Rants on business, science, technology, society, politics, police, and justice, plus life hacks and tricks, since 2003. header image 2

Karen Hightower is teh suck; Mail service is also teh suck

July 29th, 2004 · No Comments

Today on FARK I picked up an article about a letter that was delivered a mere 37 years after it was sent. The letter was lost behind a machine at the post office, and when the machine was moved, they discovered the ancient post. This made me feel like telling a story at story time.

I used to deliver mail as a work-study job in college. I was always amazed by the sheer amount of stuff that was just routinely tossed without further thought. The problem is, some stuff is sent via the wrong class of mail. Many people don’t realize that, for example, presorted standard mail (although far less expensive than first class) is not the correct medium for mailing, say, a bill or pseudo-important letter. Standard mail does not get forwarded. Meanwhile, I would see driver licenses, credit cards, and other highly important documents just get tossed in the recycle bin because they couldn’t be forwarded or returned to sender. Now, someone reading that might say, “Well, why did you just throw those things away?” I would never throw them away, I would meter them and send them back when I found them, only out of concern for potential identity theft. My supervisor permitted the miniscule monthly expenditure of postage (it was, after all, the ‘right’ thing to do).

So what was the problem? Most of the stuff came in discrete envelopes. I only knew I was holding a driver license because the return address was to “MV 44” — the form number for a new or renewal license. Credit cards were also just as “difficult” to spot. So, I guess what I’m getting at here, is that when you don’t get your important shiat, you can blame the companies mailing your shiat for trying to save pennies on every envelope they push.

And now that brings me to the totally hysterical part of today’s post — the discussion of some junk mail that I’ve been getting recently. So, I apply for a Chase Manhattan credit card because they’re offering me a low interest rate (which, at this point in my life, is meaningless to me anyway) and a decent line of credit.
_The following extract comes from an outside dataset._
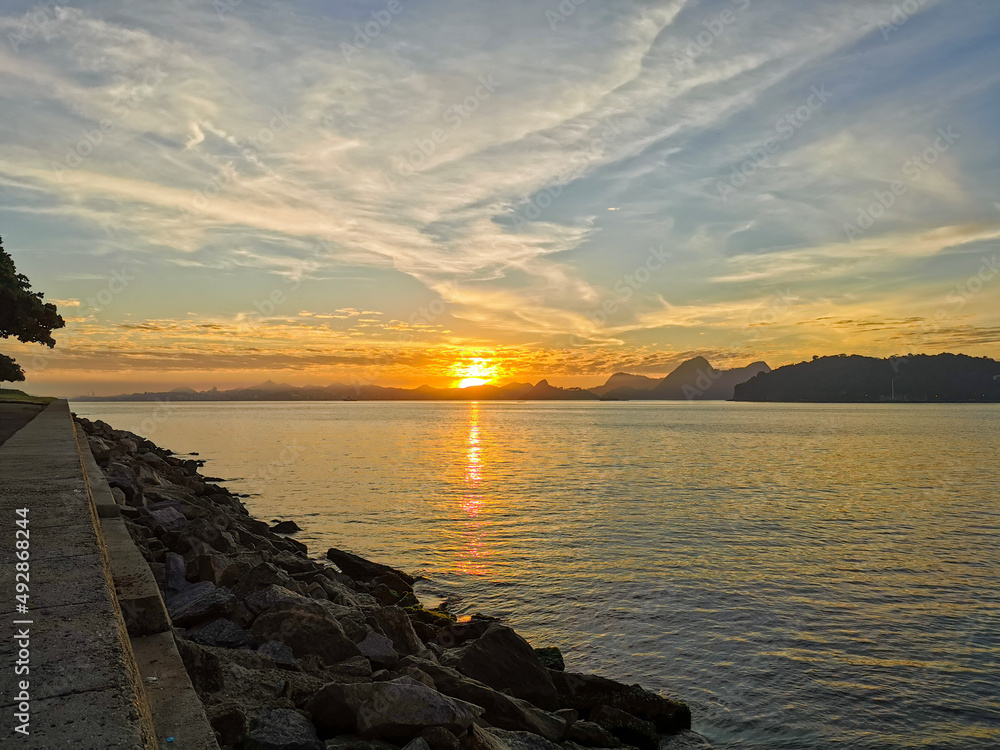 sunset over the sea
I put my signature on the application, and mail it out. I was approved, and within a week or so I received my brand spankin’ new Chase Platinum card in the mail. I thought that life was pretty damn good. There was one problem though — there was a typo in my address. As I mentioned, I’ve been a mail carrier. I noted the error, and decided that it was so insignificantly small that ignoring it would cause no harm. Well, I was definitely correct that mail to the ‘incorrect’ address would still come to me.

Over the course of the past two weeks, I’ve been barraged by a peculiar strain of junk mail. Most junk mail is just direct mailing advertisement that just gets thrown out. The first piece caught my attention immediately. First and foremost, I noticed that the same typo appeared in the address of the junk mail — clearly, because my name had been sold by Chase to some external marketing department. For those who are curious, check out this other blog and the intense documentation of just exactly how shady this one piece of junk mail is: Karen Hightower from ARC turns out not to be a real person, nor is she from a real company. The whole thing is a magazine scam. Plus, once you call the phone number on the postcard, you’ve technically ‘done business’ with them, and so even if you’re on the Do Not Call list, this company can call you all they want.

Well anyway, I called up Chase and biatched them out a little bit, and then opted out of their fantastic information sharing programs. Then, however, I got two more pieces of junk mail that were similar in style to the afforementioned piece of suspicious mail. I called back — through an anonymous relay service used by folks who are hard of hearing to communicate through the telephone. The transcript of the call to NME can be found here. What’s interesting is that the agent at the other end admits that the name of the ‘Salesperson’ is actually just a fake. I actually called the other company, ARC, as well, and asked for Karen Hightower just like the postcard instructed me to. The operator explained the relay to the person on their end — and they were obviously confused as to why exactly someone was reading what they were being typed to say. Amusingly, the operator said, “Tell [them] that it’s just an offer for magazines and a sweepstakes and they’ll probably just say they’re not interested and hang up.” Whoa there! That’s quite a sales strategy!

The moral of today’s story: Chase can sizuck my biznalls, ARC and NME are spammer frauds, and you should never do business with a company without searching Google for their name as well — remember that open, community driven markets are good for consumers like you and I.